It is perfectly normal for discussions to take place in a relationship Who does not argue?If they don’t exist it’s because the relationship is probably very cold; So much so that there’s not even room for recriminations. Where there’s love, there’s also a little hate, and that’s no reason to worry about anyone.
That said, it should also be noted that it is one thing to be upset and irritated for a moment, another to pronounce expressions with high aggressive content, which can seriously hurt your partner.
- If expressions of anger revolve around non-compliance or concern.
- They can create tension.
- But not deep wounds; however.
- If the tone of the conflict goes up and the messages are aimed at degrading or disqualifying the couple.
- Not expressing shame.
- The problem becomes more complicated.
Here are the phrases you should avoid at all costs if you want to maintain a healthy relationship.
Violence is the last resort of the incompetent
? Isaac Asimov-
The silences imposed are very aggressive. Preventing a person from saying what they think or feel is like canceling them completely, there’s no valid reason for you to ask your partner to stop talking, say something crazy or something that irritates them a lot.
If you don’t feel able to listen to the person, simply ask them to suspend the conversation and resume the conversation when they’re calmer.
It is very likely that your request that the person not be silent succeeds and ends up ending communication between the two.
Well, they say “language is the only bone-breaking muscle. “A person’s self-esteem is greatly hurt when they refer to them as dogs, perverse terms, stupid or similar.
Offensive adjectives have no intention but to humiliate the other.
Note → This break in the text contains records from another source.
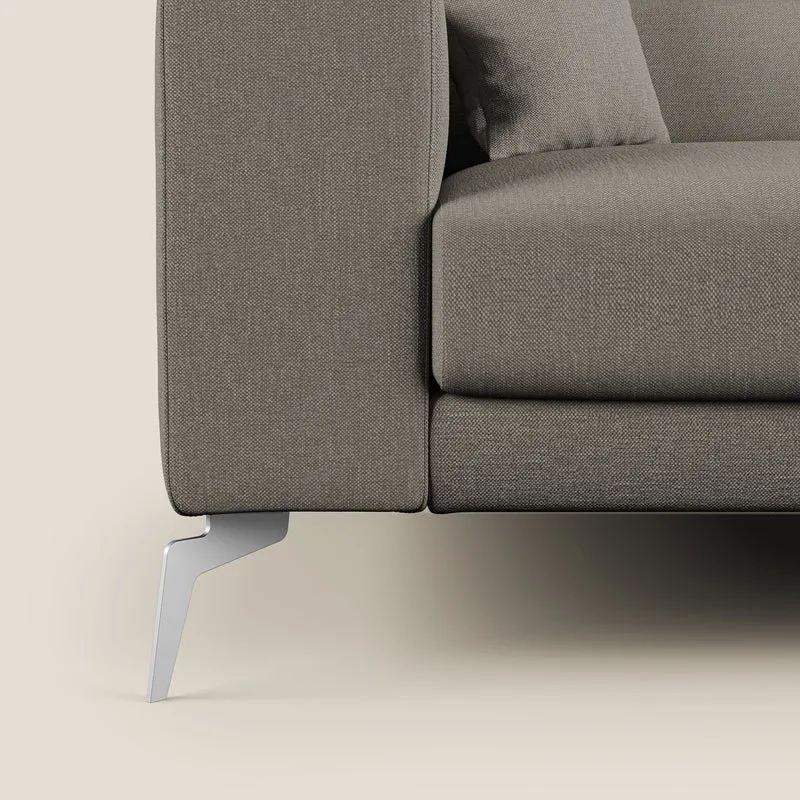 Blade Canapé d'angle avec têtières inclinables en tissu imperméable T13 Taupe tortora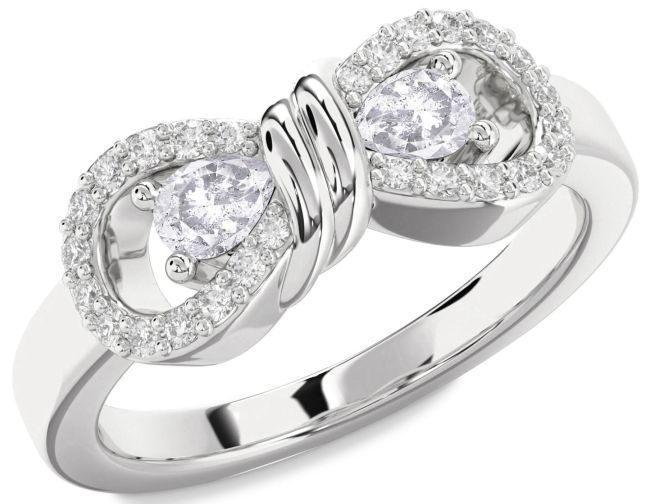 Salt & Pepper Diamond Silver Bow Pear Two Stone Ring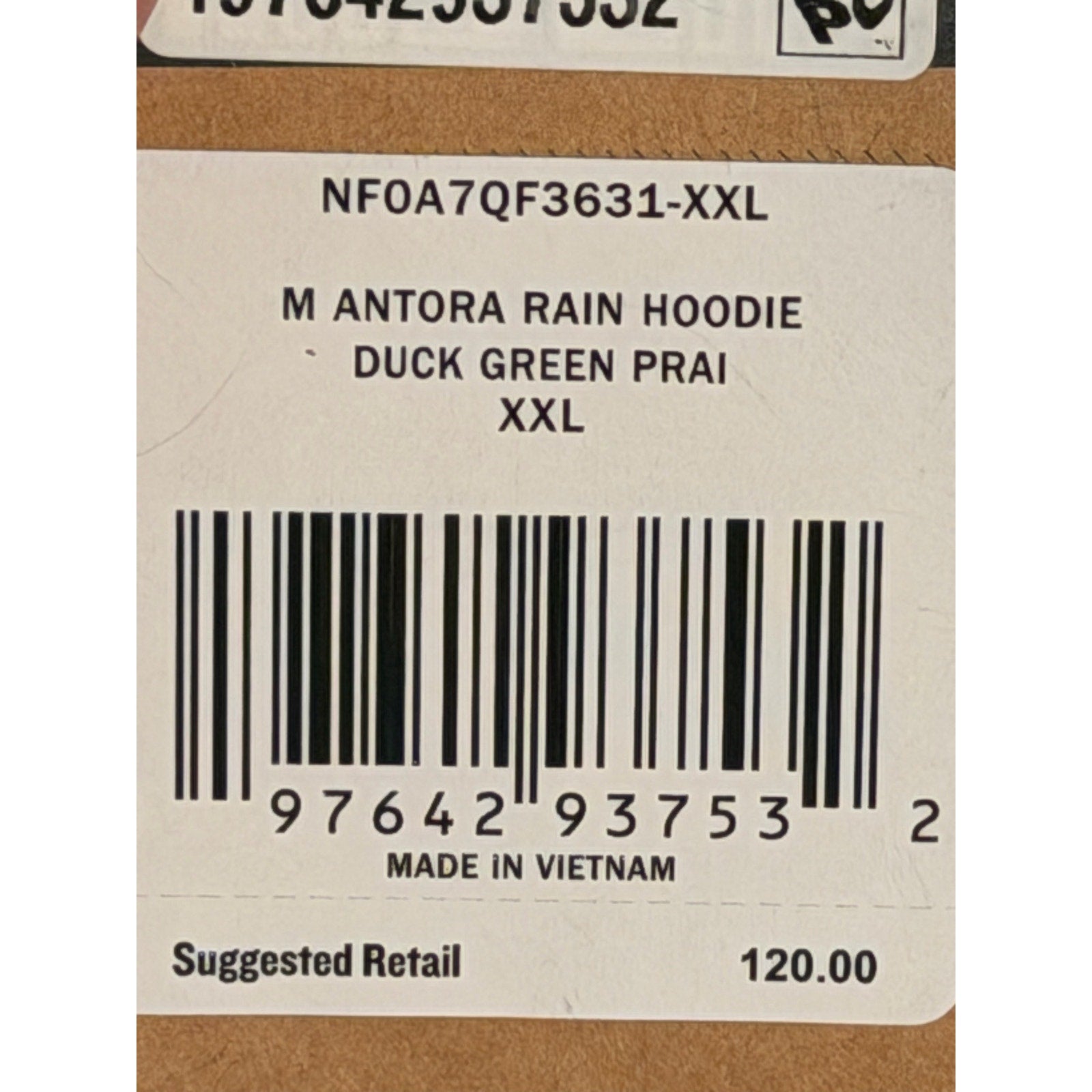 The North Face Men’s Antora Rain Hoodie in XXL, duck green prairie print, showing the waterproof jacket with hood and zip front.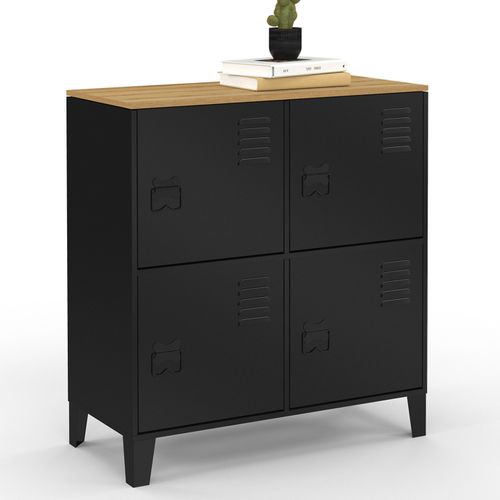 Buffet D'appoint Casier 70 Cm Ester 4 Portes En Métal Noir Plateau Bois Design Industriel
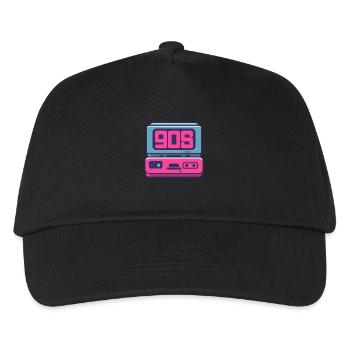 90s Radio Logo - Kinder Basecap - Schwarz - Vorne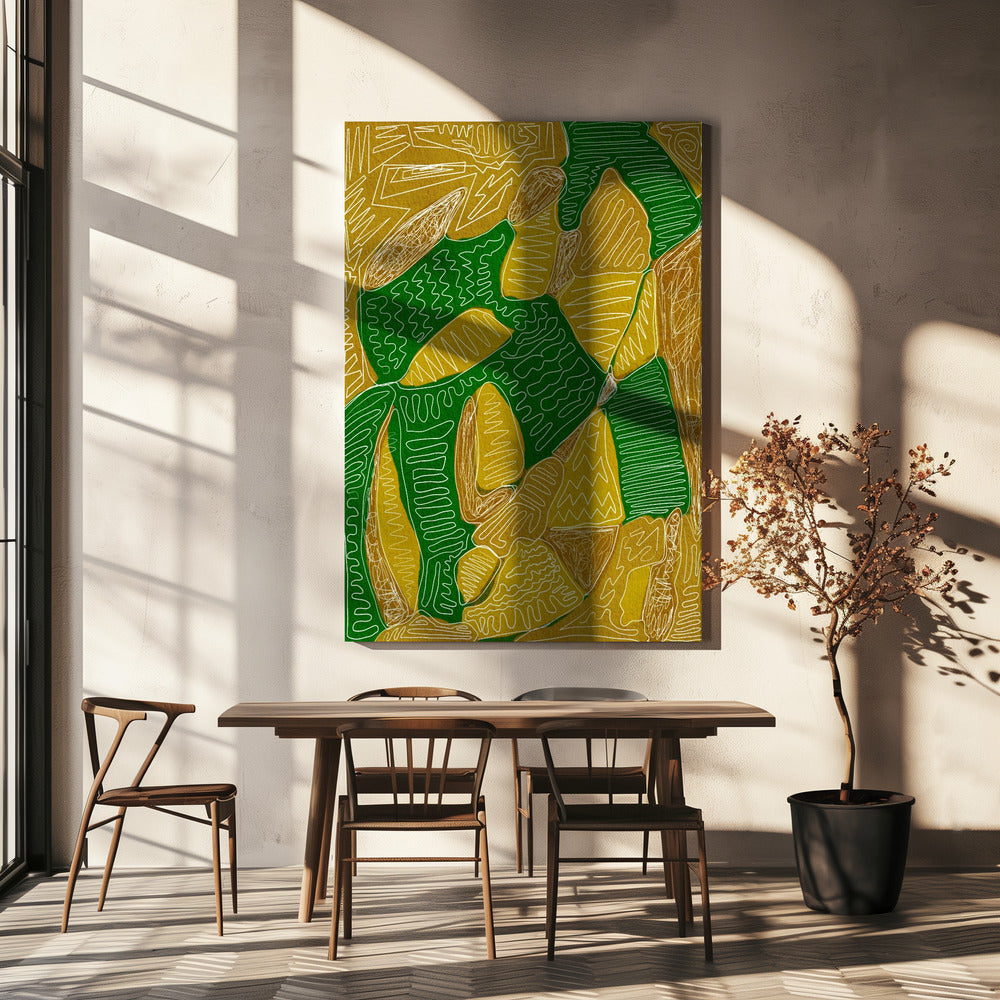 Gold and green abstract | Canvas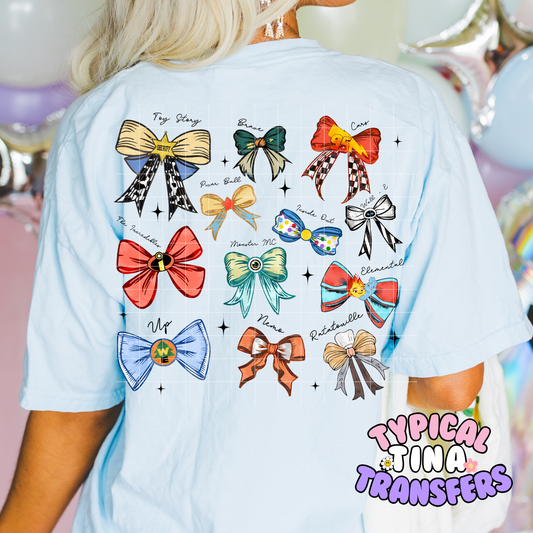 Magical Character Bows with names | DTF Screen Print | POD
They seek to diminish, degrade and sometimes even deprive themselves of being a person, so it is even used to offend the other with the name of an animal.
This type of adjective is a low blow in an argument, they cause anger and pain in those who receive them and certainly blame on those who generate them.
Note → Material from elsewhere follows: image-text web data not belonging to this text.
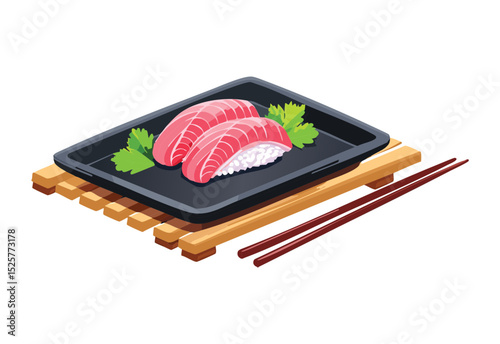 Delicious Tuna Nigiri Sushi Collection - Vector Illustration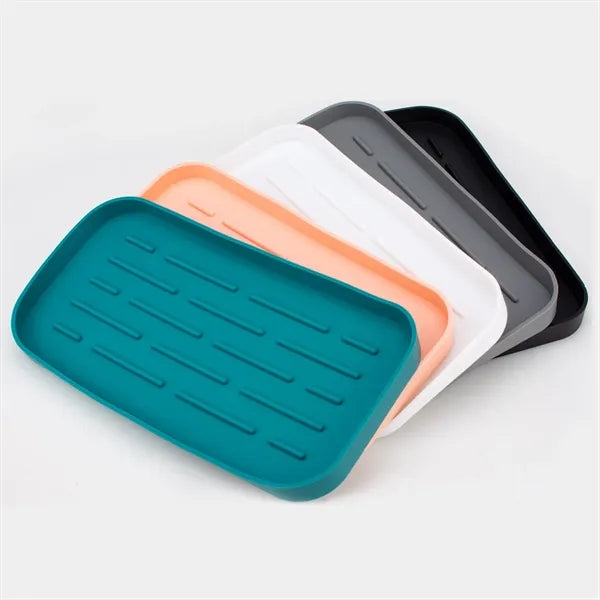 Kitchen Sink Organizer Silicone Sponge Holder Storage Tray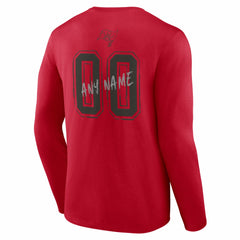 Tampa Bay Buccaneers Hustle Personalized Name & Number Long Sleeve T-Shirt Red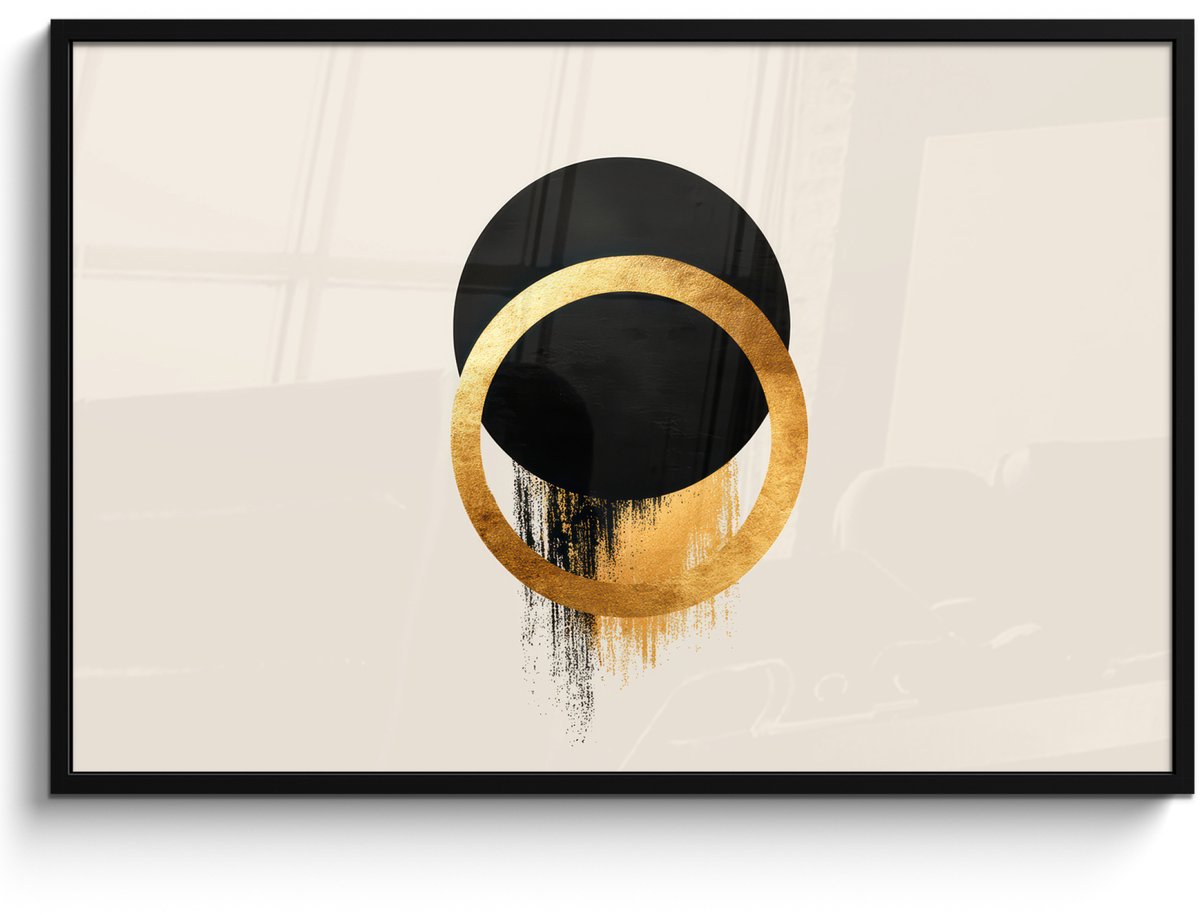 FrameYourWall Poster in lijst - Fotolijst 120x80 cm - Posters - Abstract ontwerp - Zwarte cirkel - Verfvlekken - Posterlijst zwart - Decoratie - Wanddecoratie woonkamer - Muurdecoratie slaapkamer Cirkels - Verfvlekken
One of the fastest ways to lose respect between two people is to end the relationship every time a problem arises, repent later, and ask for reconciliation.
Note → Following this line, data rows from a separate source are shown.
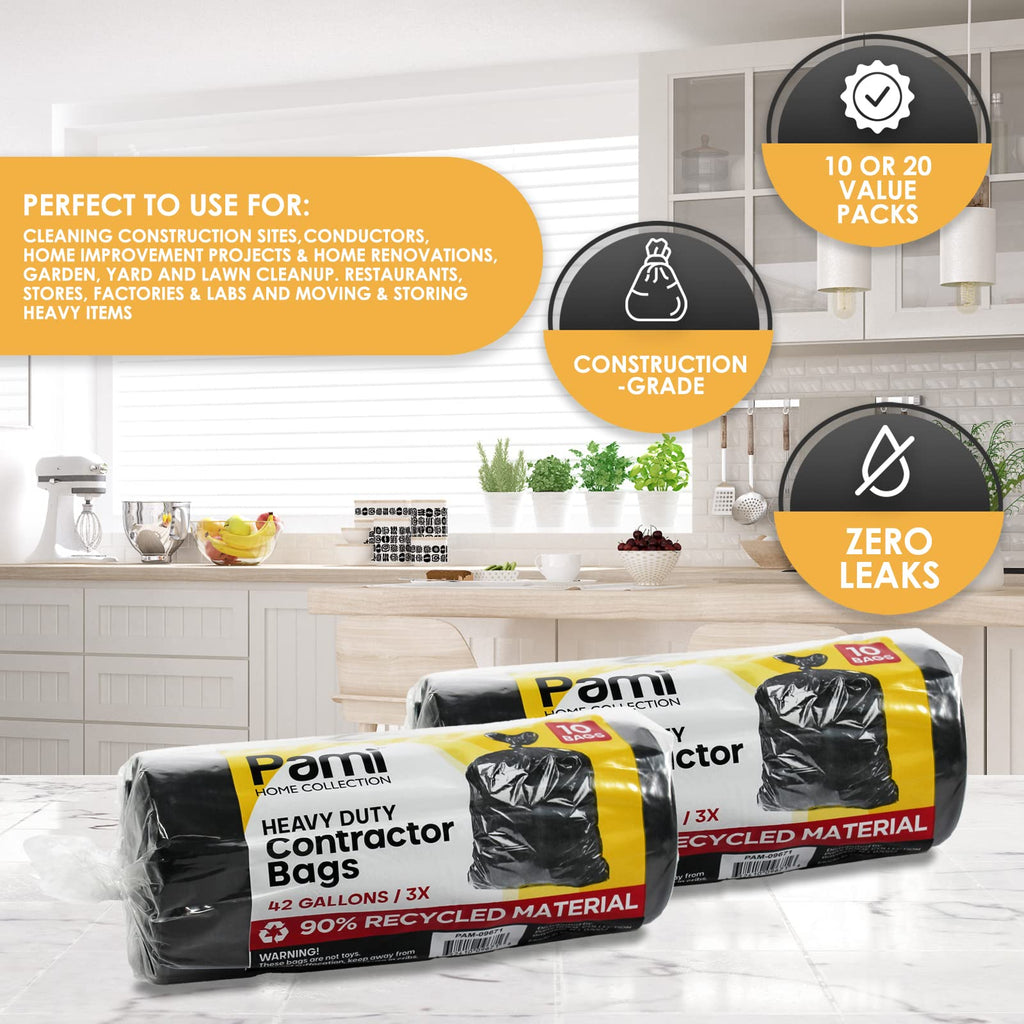 Heavy Duty 42-Gallon Contractor Trash Bags, Tear Resistant, Black, 10 Ct S10914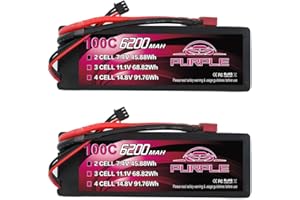 CNHL 6200mAh 2S Lipo Battery 100C 7.4V Hard Case Battery with Deans T Plug for RC Car Truck Boat Truggy (2 Packs)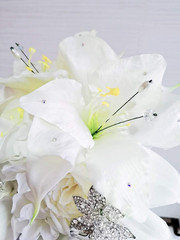 Elegant Calla Lily & Pearl Wedding Bouquet – White Rose Diamonds
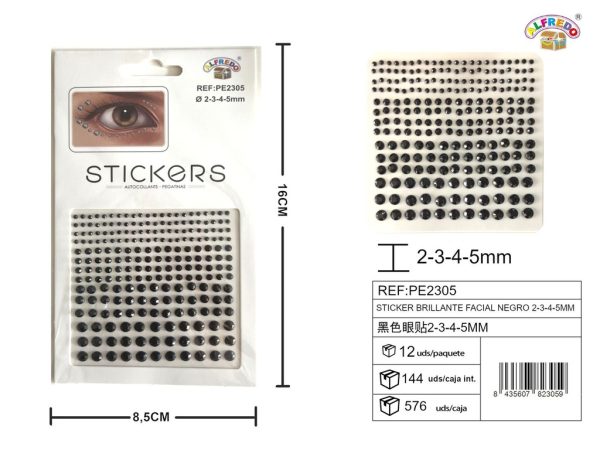 Sticker brillante facial negro 2,3,4,5mm 8.5x16cm - Accesorios de belleza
“It’s over!” it’s one of the phrases that can appear when a couple is arguing, if you’re not ready to finish, it’s best not to say anything, if so, is it because you don’t really want to solve a problem?your partner with the threat of abandonment.
Of these threats, there is only resentment towards each other and lack of credibility in you, with this communication becomes addicted and marked by the idea that words have no value, it is said that it is not said and that nothing should be taken seriously.
Saying bad things about each other’s family is another of those low blows that provoke a strong resentment. Phrases like “Are you becoming more and more like your mother?”, “Do I hope you’re not a failure like your brother?” are they unacceptable. .
These phrases show a strong willingness to attack, not to defend an opinion or a way of acting, their intention is to hurt and, for the same reason, they end up making the problem worse, whatever it may be.
Declaring your partner unbearable is like saying that the way you feel, think or act has no place in your emotional world is a form of rejection with a strong emotional component.
Expressions like this generate a strong block in the communication of the couple, imply great difficulty to achieve mutual acceptance and denial of understanding.
It is normal that there are difficulties in a relationship and that sometimes they increase the tone of the conversation, but to maintain your good mental health and build a healthy relationship, you should avoid being angry by sending messages that will surely have serious consequences in the future.